* **INSTRUCTIONS TO FOLLOW**
Write out exactly the lines that run from the one containing "www.computerreviews.nl" to the end of the entries below, with both end lines included.

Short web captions
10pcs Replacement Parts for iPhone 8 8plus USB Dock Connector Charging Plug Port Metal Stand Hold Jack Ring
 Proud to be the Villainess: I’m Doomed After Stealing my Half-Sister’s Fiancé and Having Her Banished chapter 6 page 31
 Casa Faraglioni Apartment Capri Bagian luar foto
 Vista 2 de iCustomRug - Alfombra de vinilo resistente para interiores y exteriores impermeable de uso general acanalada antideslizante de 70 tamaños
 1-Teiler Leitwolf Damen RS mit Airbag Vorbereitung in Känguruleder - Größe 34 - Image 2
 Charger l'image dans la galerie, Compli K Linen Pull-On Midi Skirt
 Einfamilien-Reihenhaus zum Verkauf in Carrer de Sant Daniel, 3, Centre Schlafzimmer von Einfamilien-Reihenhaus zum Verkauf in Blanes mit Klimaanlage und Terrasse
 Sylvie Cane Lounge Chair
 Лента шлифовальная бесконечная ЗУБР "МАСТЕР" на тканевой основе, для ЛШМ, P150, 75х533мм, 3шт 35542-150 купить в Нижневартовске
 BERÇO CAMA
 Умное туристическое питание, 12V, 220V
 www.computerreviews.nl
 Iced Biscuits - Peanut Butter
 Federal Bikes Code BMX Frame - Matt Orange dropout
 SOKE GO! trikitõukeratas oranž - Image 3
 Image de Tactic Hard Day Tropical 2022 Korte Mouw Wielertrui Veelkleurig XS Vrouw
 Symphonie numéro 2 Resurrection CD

* **WRITTEN RESPONSE**
 www.computerreviews.nl
 Iced Biscuits - Peanut Butter
 Federal Bikes Code BMX Frame - Matt Orange dropout
 SOKE GO! trikitõukeratas oranž - Image 3
 Image de Tactic Hard Day Tropical 2022 Korte Mouw Wielertrui Veelkleurig XS Vrouw
 Symphonie numéro 2 Resurrection CD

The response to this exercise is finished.